[Extracted records]:
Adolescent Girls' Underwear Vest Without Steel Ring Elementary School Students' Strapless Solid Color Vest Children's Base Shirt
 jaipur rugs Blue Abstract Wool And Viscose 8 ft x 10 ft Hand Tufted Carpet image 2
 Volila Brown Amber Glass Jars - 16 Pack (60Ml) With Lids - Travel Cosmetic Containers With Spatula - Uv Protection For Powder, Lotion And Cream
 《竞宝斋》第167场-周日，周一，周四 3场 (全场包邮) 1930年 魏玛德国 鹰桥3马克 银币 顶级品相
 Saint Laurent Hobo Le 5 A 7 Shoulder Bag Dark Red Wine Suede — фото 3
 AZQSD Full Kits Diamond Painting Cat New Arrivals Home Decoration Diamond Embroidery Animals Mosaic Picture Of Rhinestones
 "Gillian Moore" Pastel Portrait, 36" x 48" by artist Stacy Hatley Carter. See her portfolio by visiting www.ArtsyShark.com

[Your instructions]: Give an exact copy of the lines from the one with "鹰桥3马克 银币 顶级品相" through the end of the entries, both ends included.

[Exercise result]:
 《竞宝斋》第167场-周日，周一，周四 3场 (全场包邮) 1930年 魏玛德国 鹰桥3马克 银币 顶级品相
 Saint Laurent Hobo Le 5 A 7 Shoulder Bag Dark Red Wine Suede — фото 3
 AZQSD Full Kits Diamond Painting Cat New Arrivals Home Decoration Diamond Embroidery Animals Mosaic Picture Of Rhinestones
 "Gillian Moore" Pastel Portrait, 36" x 48" by artist Stacy Hatley Carter. See her portfolio by visiting www.ArtsyShark.com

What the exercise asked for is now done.